Due to the trend for pursuit of higher PPI (pixels per inch) for LTPS products, the line width of a black matrix (BM) of a color filter is getting smaller and smaller. With the narrowing of the line width of the black matrix, an angle of a taper of the black matrix needs to be made more approaching to 90 degrees in order to prevent reduction of aperture ratio due to increase of PPI. However, the known black matrix materials are constrained from having a taper angle thereof exceeding 90 degrees due to the need for better processability Referring to FIG. 1A, a schematic view is given to illustrate a taper angle of a conventional black matrix. As a part of a complete liquid crystal panel or a color filter structure, the black matrix 11 is formed on a first base plate 10 and is arranged between the first base plate 10 and a second base plate 20. Light emitting from a backlight source transmits through the second base plate 20 and travels toward the first base plate 10. The black matrix 11 has a line width of 5 micrometers and a taper angle A less than 90 degrees. The smaller the taper angle A of the black matrix 11 is, the more easily light will be shielded, the smaller the aperture ratio will be, and the lower the transmission rate will be. Referring to FIG. 1B, a schematic view is given to illustrate an ideal taper angle of a black matrix. Under the same condition of light width being 5 micrometers, ideally, the black matrix 12 located between the first base plate 10 and the second base plate 20 has a taper angle A that can be made greater than 90 degrees, such that the larger the angle is, the larger the aperture ratio will be and the higher the transmission rate will be.

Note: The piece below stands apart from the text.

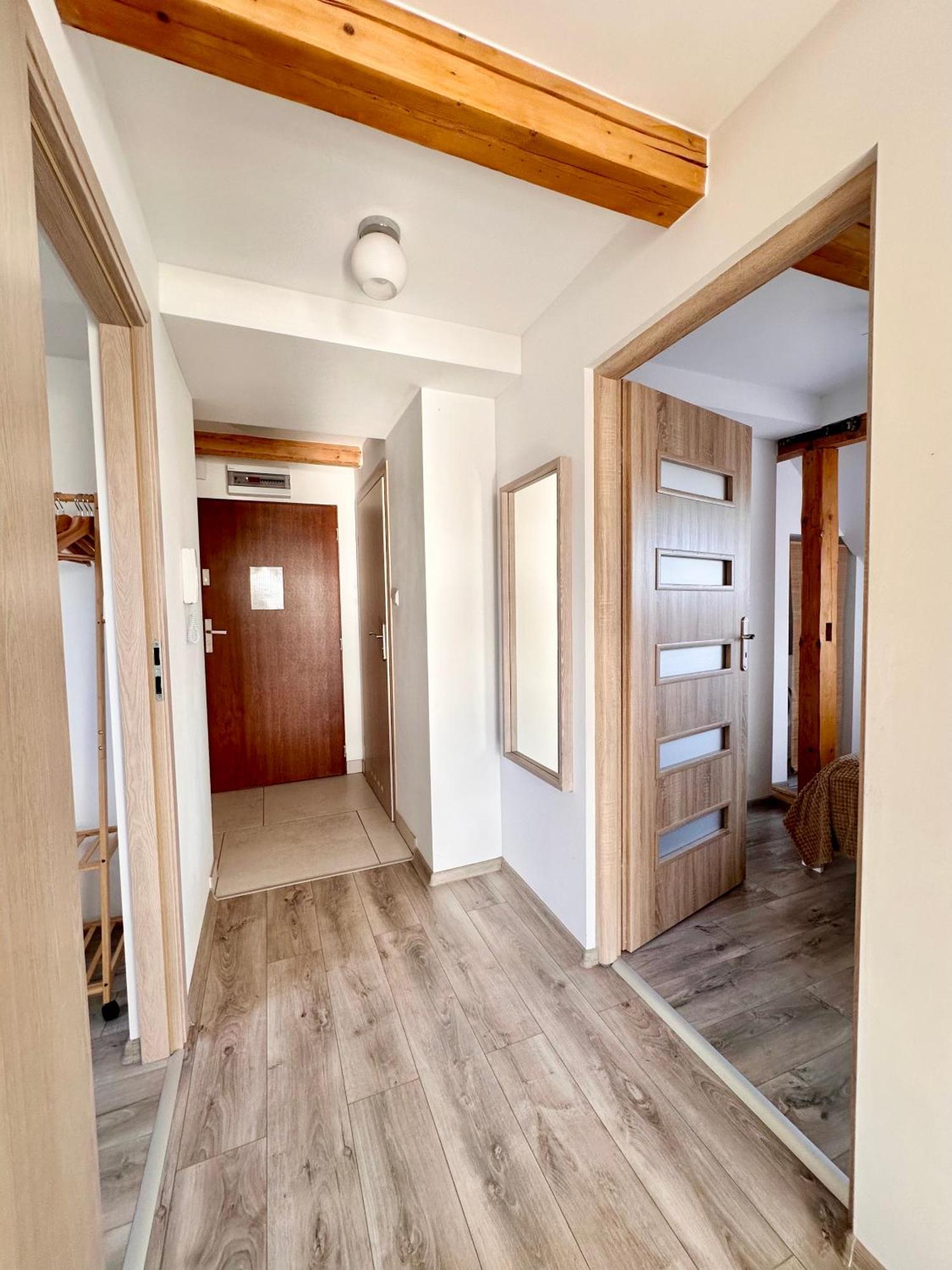בילאווה Klimatyczny Apartament Nr 8 Z Widokiem Na Gory Sowie מראה חיצוני תמונה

Referring to FIGS. 2A-2D, FIG. 2A is a schematic view illustrating a conventional black matrix manufacturing process; FIG. 2B is a mask pattern used in the conventional black matrix manufacturing process; FIG. 2C is a mask used in the conventional black matrix manufacturing process; and FIG. 2D is a conventional black matrix manufactured. The conventional black matrix manufacturing process generally comprises exposure, development, and baking. During such a process, the black matrix material layer 30 undergoes continuous deformation to finally form a black matrix 31 on a base plate 32. Firstly, the mask 33 shown in FIG. 2C is used to subject a black matrix material layer 30 to exposure, where the mask 33 comprises a mask pattern 34 provided thereon. Under this condition, crosslink is induced on a surface of the black matrix material layer 30. Next, the exposed black matrix material layer 30 is subjected to development, in which a development solution corrodes into a bottom layer of the black matrix material layer 30 to form an undercut, so that eaves of the taper is relatively long. Thus, during a subsequent operation that the black matrix material layer 30 is subjected to post baking, the black matrix material layer 30 will easily undergo thermal flow, moving in the direction indicated by arrows to make the taper smooth so as to finally forming the black matrix 31 on the base plate 32. Such a black matrix 31 manufactured with the known process involves the drawback of being hard to get the taper exceeding 90 degrees, making it adverse to increase of aperture ratio.